> [WHAT YOU ARE ASKED TO DO]
Please output exactly the lines that run from the line with "Burner Stove 🚩‼️‼️" through the final line of the data, inclusive, and nothing more.

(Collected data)
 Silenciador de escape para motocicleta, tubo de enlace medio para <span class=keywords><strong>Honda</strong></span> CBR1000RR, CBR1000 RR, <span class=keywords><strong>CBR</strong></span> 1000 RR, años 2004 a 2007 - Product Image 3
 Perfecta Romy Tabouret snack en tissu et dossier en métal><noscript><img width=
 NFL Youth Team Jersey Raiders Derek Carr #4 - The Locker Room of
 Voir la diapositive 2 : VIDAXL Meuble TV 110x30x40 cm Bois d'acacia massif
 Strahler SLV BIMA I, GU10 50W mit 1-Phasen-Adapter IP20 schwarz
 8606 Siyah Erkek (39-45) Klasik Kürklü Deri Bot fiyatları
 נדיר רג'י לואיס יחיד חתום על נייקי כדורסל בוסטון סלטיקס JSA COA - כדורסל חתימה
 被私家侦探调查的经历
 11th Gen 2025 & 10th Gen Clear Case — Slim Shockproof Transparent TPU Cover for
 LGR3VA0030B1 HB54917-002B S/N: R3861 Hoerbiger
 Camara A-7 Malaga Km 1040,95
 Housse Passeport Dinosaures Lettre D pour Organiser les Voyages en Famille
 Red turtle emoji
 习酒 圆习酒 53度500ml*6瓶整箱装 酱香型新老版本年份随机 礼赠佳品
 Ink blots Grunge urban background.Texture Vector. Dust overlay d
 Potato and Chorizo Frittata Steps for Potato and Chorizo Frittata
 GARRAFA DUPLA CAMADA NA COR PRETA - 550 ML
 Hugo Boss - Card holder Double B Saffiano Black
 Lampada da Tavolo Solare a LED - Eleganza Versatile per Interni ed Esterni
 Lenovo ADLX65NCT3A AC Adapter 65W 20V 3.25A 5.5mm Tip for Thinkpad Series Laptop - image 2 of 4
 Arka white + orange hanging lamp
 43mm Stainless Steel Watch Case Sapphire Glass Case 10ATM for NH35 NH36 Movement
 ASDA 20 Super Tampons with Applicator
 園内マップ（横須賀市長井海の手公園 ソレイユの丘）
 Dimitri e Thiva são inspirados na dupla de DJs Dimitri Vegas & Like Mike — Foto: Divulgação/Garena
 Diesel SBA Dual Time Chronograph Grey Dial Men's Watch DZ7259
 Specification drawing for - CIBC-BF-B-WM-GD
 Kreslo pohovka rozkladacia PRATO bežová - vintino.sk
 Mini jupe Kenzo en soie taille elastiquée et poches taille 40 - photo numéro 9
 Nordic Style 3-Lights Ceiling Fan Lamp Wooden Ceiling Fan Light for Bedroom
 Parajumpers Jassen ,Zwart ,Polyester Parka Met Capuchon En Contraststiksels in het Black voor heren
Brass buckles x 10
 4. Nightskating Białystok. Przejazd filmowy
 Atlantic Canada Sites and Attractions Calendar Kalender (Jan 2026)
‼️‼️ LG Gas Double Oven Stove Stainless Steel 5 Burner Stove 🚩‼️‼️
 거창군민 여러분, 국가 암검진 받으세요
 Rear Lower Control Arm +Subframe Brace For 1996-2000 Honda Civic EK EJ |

> [RESPONSE TO THE TASK]
‼️‼️ LG Gas Double Oven Stove Stainless Steel 5 Burner Stove 🚩‼️‼️
 거창군민 여러분, 국가 암검진 받으세요
 Rear Lower Control Arm +Subframe Brace For 1996-2000 Honda Civic EK EJ |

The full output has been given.